Facundo, by Domingo F Sarmiento
This book was on my pile of books to be disposed of without reading (something of a necessity these days) – I think because it seemed, from the opening chapter, too much of a sociological / economic type history, rather than a kings and battles type history, which is the only kind of history Obooki likes. In reality it’s a mixture of both, and the sociological, and indeed geological, bit is of vast importance to Sarmiento’s ideas: – basically that Argentina is divided between a coastal area of European-influenced civilisation, and an interior area of barbaric pampas. Not that it’s that straight-forward, but essentially this is the conflict which Sarmiento sets up – the barbaric being personified in the character of Facundo Quiroga, brutal gaucho commander and ruler of some interior area of Argentina (where exactly anywhere in the hinterland of Argentina actually was, as described in this book, is beyond Obooki’s knowledge); and civilisation, pretty much, by the city of Buenos Aires (and such representatives as existed in other cities). Anyway, slowly Facundo, and other commanders such as Rosas, dismantle civilisation to replace it with their own barbarism.

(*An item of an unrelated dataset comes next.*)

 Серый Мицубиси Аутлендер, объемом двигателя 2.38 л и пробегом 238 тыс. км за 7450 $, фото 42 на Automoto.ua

It’s all interesting enough in itself, but what I found equally interesting was how much this book seeped into the other Spanish language books I was contemporaneously reading. The absolutism of Facundo, as a regional commander, over the people over whom he ruled – especially as regards any woman who took his fancy – reminded me remarkably of the position and attitude of the wicked commander in Lope de Vega’s Fuente Ovejuna – though without a king to restore order. Facundo’s ultimate death, in which his arrogance of his own prowess leads him to being incautious, is much the same of Don Alonso’s in Lope de Vega’s The Knight of Olmedo. Almost as if Facundo is merely a character born out of these earlier stories, a physical extension of old Spanish notions of honour and manliness.

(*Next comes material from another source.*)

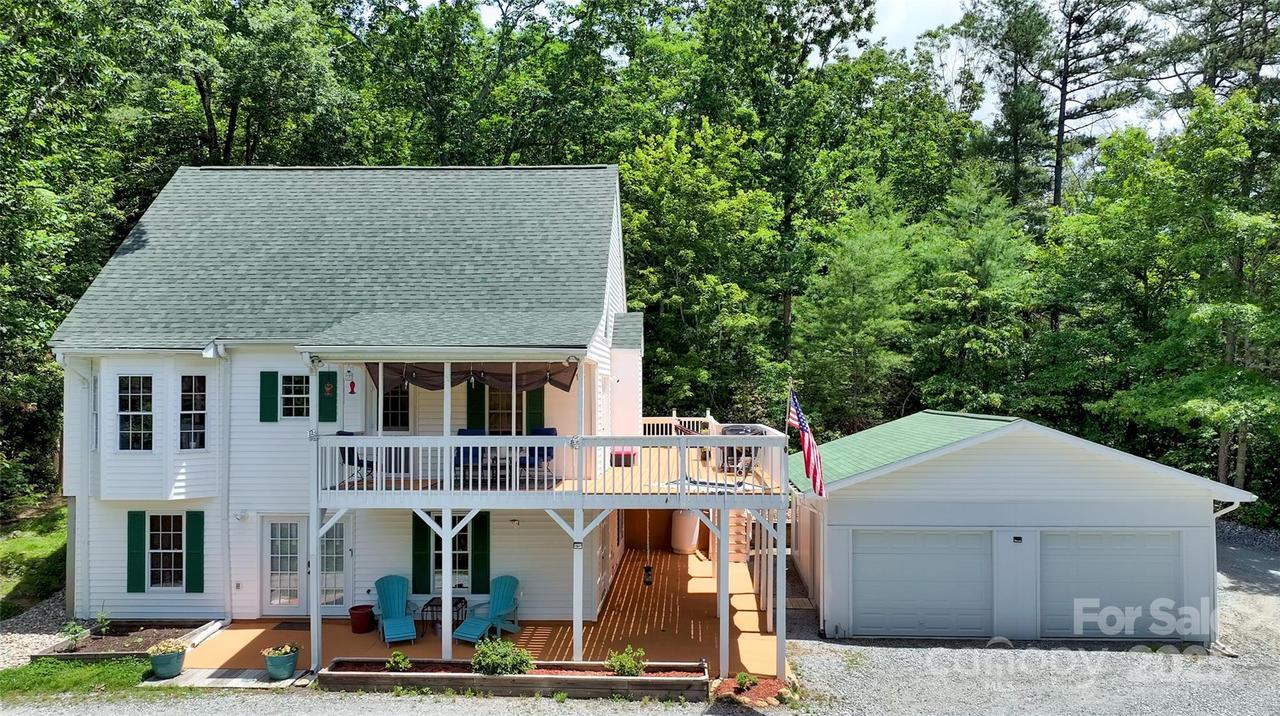 186 Hawks Point Dr., Zirconia, NC 28790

And then there’s Borges. He has a quote on the back of my edition, claiming Facundo to be the “most memorable character of Argentine literature”. Maybe so, but I can’t help thinking Borges is even more influenced by Sarmiento’s juxtaposition of civilisation and barbarism, for he seems in his own stories to be obsessed by the idea (and the idea of contemporary events in reality seeming to be of different eras, and events in different eras being contemporary) – e.g. the story I read yesterday, The Story of the Warrior and the Captive (the reaction of a barbarous man coming into contact with civilisation; and a civilisation woman transported into a world of barbarism). Hopefully it will help me understand a bit more all his stories about gauchos and knife-fights.
Anyway, I’m glad I decided to read it, rather than give it away.

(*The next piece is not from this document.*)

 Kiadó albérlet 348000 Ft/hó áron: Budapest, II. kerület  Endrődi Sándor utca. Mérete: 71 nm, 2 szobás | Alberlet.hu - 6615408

Reasons of State, by Alejo Carpentier
Already one of my favourite Latin American writers, especially for Explosion in a Cathedral (less so the books I’ve read since), I was very taken by the first half of this book, but I did get bogged down for a long time in the middle. It’s another of your typical Latin American dictator novels (as, in many ways, is Facundo). This time our hero is the dictator of an unnamed Latin American country around the time of the first world war, who spends as much of his time as he can living in France, only occasionally having to return to the world over there in order to suppress insurrections against his rule. But the world is changing; his brutal methods of suppression in his own country are being publicised in the US and Europe, and his friends in high society are increasingly refusing to see him. Now the spectre of communism too threatens his overthrow.
I liked all of Carpentier’s rich language, but to me his downfall is his obsession with lists, in which he perhaps could challenge the great Emile Zola.
In Spanish the book’s title is El Recurso del Metodo, which I take to mean “recourse to the method” (a phrase which appears in the book) – the method in this case being the one of retaining power, which works repeatedly, as they say, right up to the moment when it doesn’t; but also seems to have reference to Descartes, whose quotes appear constantly as chapter headings (though I don’t really remember Descartes being so political). On the other hand, bearing in mind the subject matter, Reasons of State is an equally sensible title. I’m just left wondering why they changed it. It was also published by an organisation called The Writers and Readers Publishing Co-operative – a name which makes me think of some sort of anarcho-syndicalist publisher – and yet I wonder if this book espouses exactly the ideology they imagine: – I don’t know Carpentier’s affliation, but to my mind he spends far too much time in the book describing the Parisian life of decadence and wealth, for any reader to think he was wholly opposed to it. You’d hardly mistake it anyway for socialist realism.